In Uttar Pradesh this time, the BJP is far ahead on the campaign front. It has already organised a series of mega rallies while others are lagging behind. About the grand coalition of the BSP and SP, Shah tells me, “Remember, elections are not about caste arithmetic alone. Modi has the power to break through barriers of caste, geography and class.”
Shah, as inscrutable as Modi, has over the past five years earned a reputation as a tough taskmaster. He is building a new team of leaders by replacing the old guard, a policy visible in the selection of candidates too, he insists.
He says the night is still young for him as we land in Delhi at 1.15 am. He has people waiting at his home for discussion on campaign literature. Shah admits that he needs very few hours of sleep. “That’s because I sleep very well,” he says. Very early in life, he trained himself to slip into deep sleep as soon as he hit the bed. “Most people take time before they start sleeping well. Through training, you can fall into deep sleep in no time,” he says.
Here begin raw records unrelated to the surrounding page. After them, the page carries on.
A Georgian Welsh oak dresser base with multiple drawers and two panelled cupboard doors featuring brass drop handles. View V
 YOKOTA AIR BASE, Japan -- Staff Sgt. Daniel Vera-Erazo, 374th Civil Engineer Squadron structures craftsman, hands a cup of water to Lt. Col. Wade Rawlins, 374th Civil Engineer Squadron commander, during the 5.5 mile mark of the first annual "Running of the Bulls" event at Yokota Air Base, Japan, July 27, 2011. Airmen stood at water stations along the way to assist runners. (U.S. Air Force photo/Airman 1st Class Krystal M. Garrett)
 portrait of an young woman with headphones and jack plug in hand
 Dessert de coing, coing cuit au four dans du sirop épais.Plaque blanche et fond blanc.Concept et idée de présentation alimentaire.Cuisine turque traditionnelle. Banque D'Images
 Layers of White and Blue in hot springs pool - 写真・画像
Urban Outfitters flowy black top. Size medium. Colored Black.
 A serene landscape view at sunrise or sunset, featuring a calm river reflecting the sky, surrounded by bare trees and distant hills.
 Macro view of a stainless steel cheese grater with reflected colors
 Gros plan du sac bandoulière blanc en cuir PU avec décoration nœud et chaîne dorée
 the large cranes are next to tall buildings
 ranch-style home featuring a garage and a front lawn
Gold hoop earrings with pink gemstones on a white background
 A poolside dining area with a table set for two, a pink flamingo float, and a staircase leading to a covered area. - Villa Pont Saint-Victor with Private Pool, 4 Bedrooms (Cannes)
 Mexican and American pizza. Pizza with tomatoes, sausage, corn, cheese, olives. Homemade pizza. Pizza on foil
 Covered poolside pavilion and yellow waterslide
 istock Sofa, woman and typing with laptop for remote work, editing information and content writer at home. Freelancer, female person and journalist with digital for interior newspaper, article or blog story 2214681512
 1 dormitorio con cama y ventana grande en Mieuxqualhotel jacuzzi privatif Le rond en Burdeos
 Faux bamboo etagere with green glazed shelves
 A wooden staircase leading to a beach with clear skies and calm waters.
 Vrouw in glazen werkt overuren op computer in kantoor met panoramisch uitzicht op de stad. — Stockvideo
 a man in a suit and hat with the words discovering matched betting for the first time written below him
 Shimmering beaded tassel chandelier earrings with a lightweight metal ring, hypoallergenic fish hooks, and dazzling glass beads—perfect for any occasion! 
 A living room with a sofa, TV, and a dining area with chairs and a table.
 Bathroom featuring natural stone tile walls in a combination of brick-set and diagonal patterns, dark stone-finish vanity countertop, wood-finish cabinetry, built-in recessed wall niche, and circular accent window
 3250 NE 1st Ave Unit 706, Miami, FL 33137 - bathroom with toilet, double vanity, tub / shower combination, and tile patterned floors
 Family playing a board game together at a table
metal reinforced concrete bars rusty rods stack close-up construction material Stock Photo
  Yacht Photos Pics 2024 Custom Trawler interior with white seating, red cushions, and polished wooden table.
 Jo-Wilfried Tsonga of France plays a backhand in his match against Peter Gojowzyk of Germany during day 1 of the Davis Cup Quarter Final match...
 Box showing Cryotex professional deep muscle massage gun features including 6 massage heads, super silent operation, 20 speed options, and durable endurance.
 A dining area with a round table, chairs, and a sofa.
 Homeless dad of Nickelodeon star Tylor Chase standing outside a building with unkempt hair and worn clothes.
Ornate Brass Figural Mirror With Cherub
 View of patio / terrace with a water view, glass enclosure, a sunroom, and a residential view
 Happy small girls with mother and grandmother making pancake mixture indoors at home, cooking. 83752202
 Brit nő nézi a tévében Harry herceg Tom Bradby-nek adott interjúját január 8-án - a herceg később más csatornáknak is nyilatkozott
He is an all-consuming workaholic, his free time being spent reading the Gita, Chanakya, Vivekananda and Gandhi. A family man, Shah is also into astrology and memorising and chanting shlokas. A diabetic, he practices yoga to keep himself fit.
By the time he goes to bed, it is 3 am. He has to be at the airport at 9 am the next morning for another day of gruelling campaigning. Shah looks as rested as he was last morning. In fact, he had not slept for even a second on the long flight. “I am never tired,” he says with a smile.